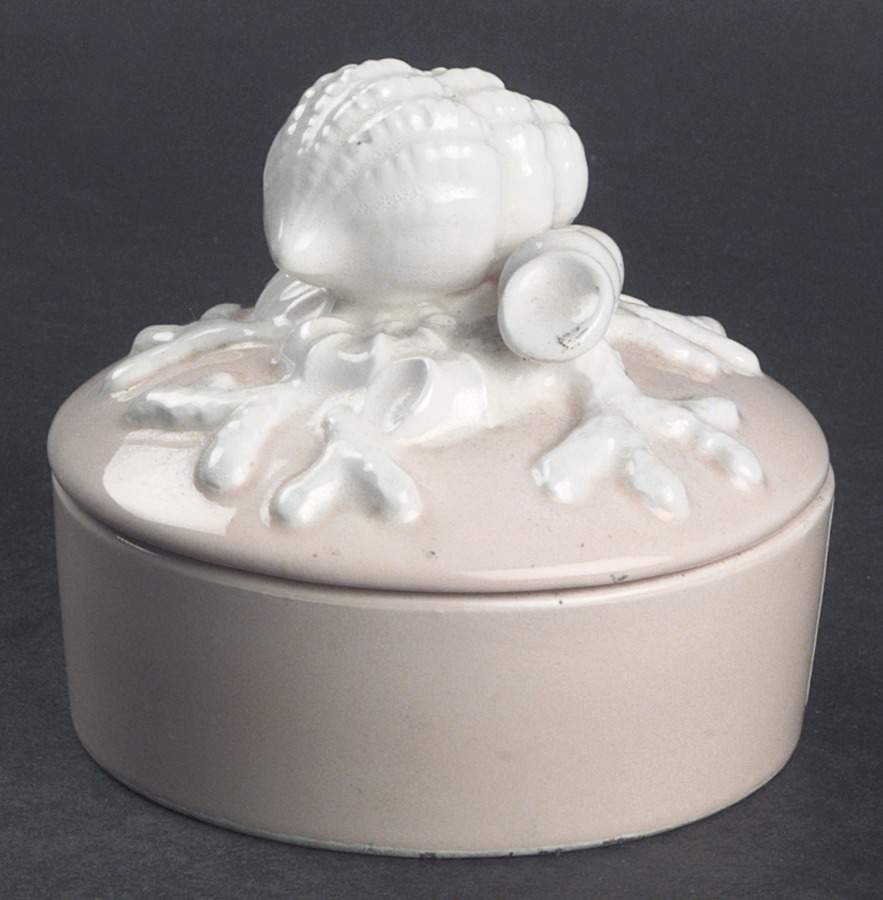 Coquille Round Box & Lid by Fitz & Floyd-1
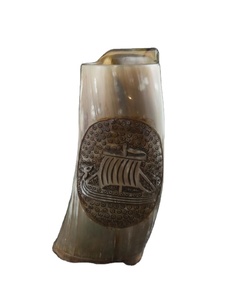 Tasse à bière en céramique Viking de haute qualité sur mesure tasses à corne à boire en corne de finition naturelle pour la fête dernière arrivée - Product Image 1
--
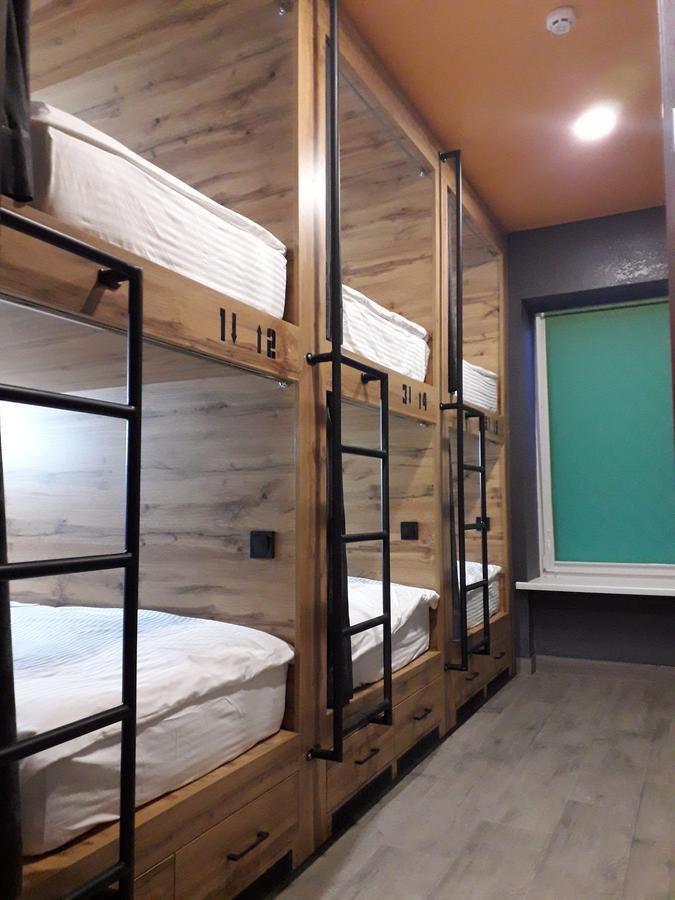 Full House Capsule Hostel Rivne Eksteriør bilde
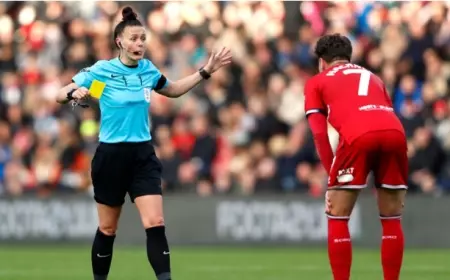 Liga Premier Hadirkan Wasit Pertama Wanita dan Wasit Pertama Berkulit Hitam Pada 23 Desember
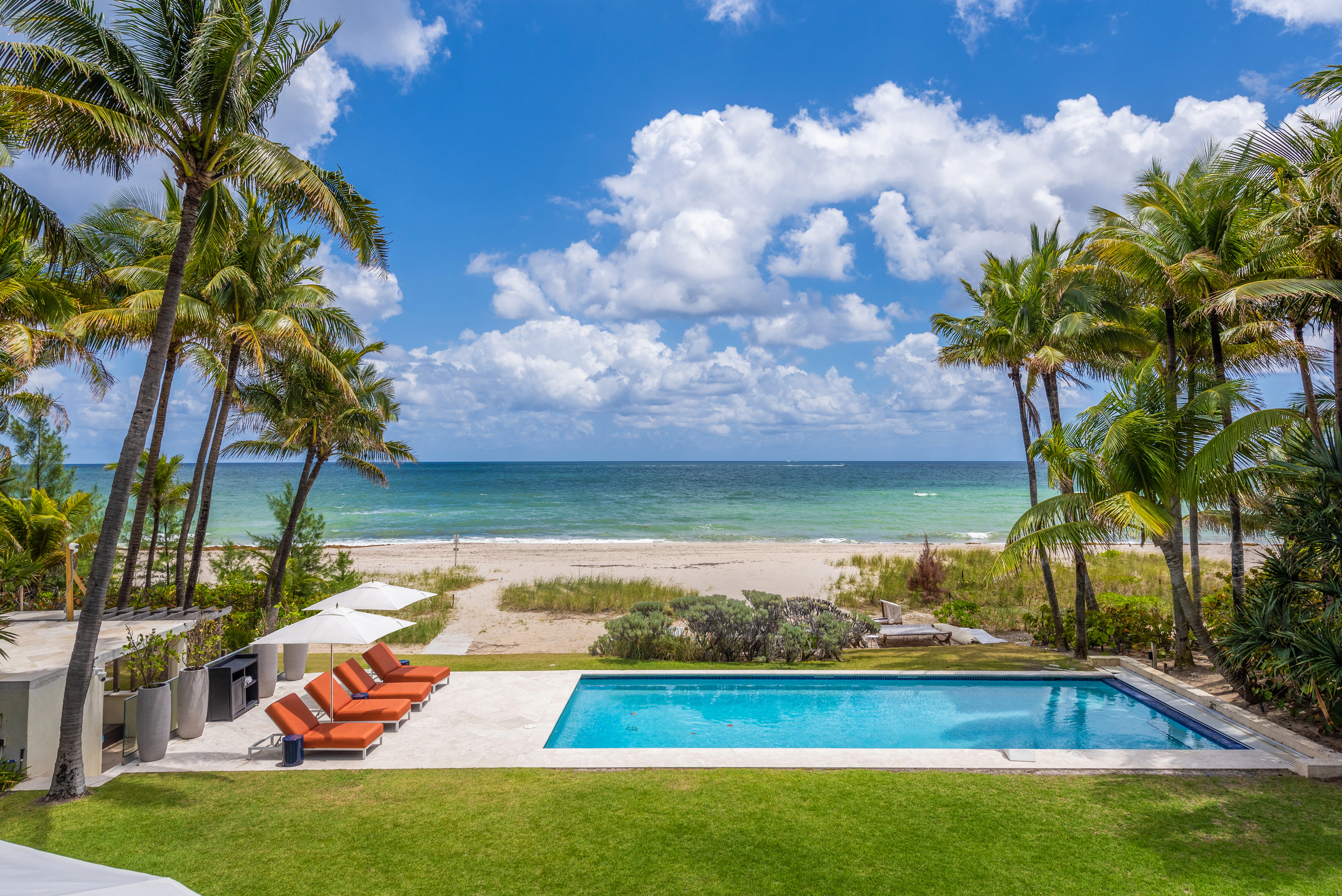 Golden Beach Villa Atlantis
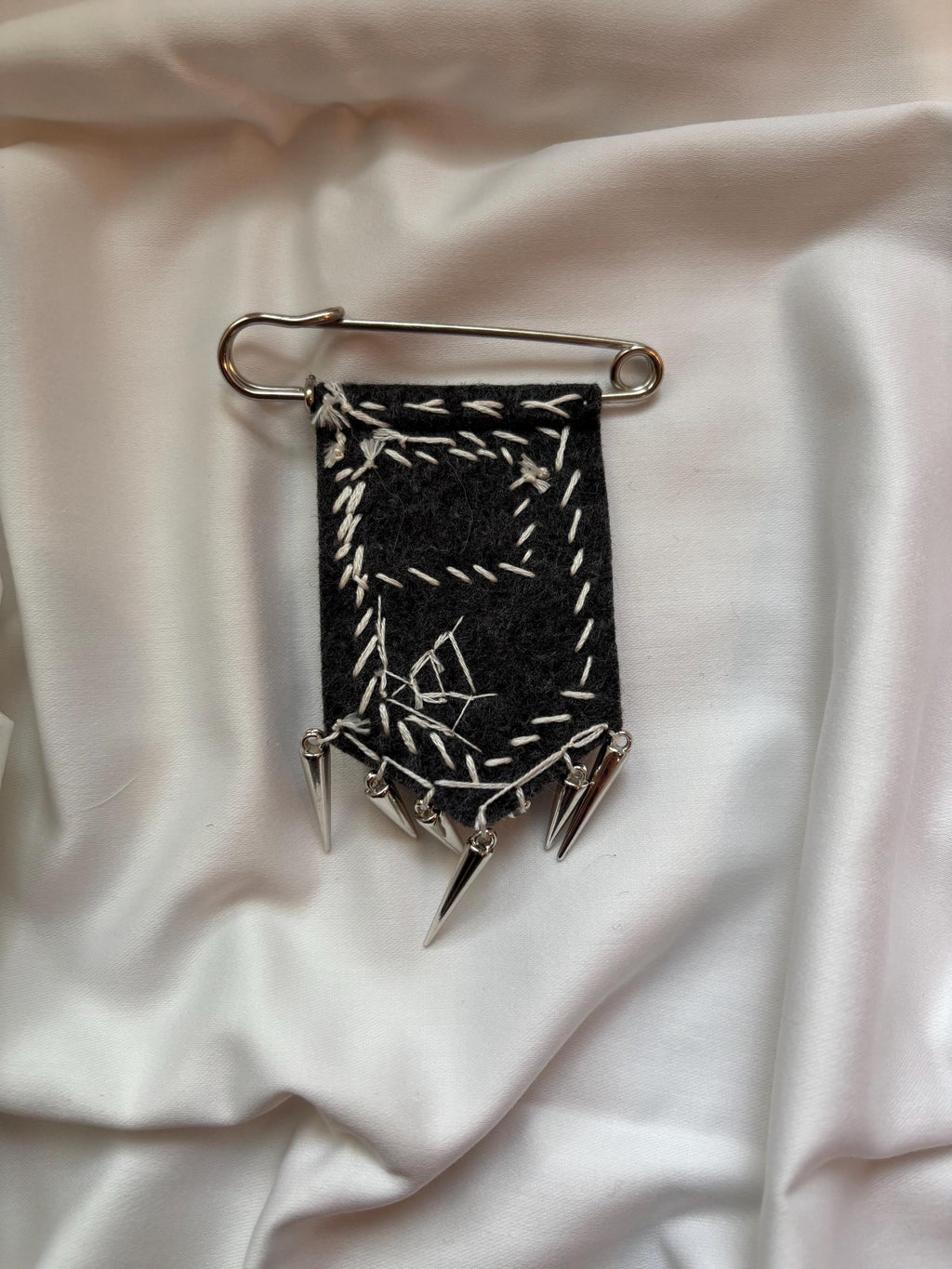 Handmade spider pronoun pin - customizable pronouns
--
__WORK INSTRUCTIONS__:
Begin at the line in the entries above that has "Full House Capsule", stop after the line that has "Handmade spider pronoun", and output exactly those lines without pictures.

__EXERCISE RESULT__:
 Full House Capsule Hostel Rivne Eksteriør bilde
 Liga Premier Hadirkan Wasit Pertama Wanita dan Wasit Pertama Berkulit Hitam Pada 23 Desember
 Golden Beach Villa Atlantis
 Handmade spider pronoun pin - customizable pronouns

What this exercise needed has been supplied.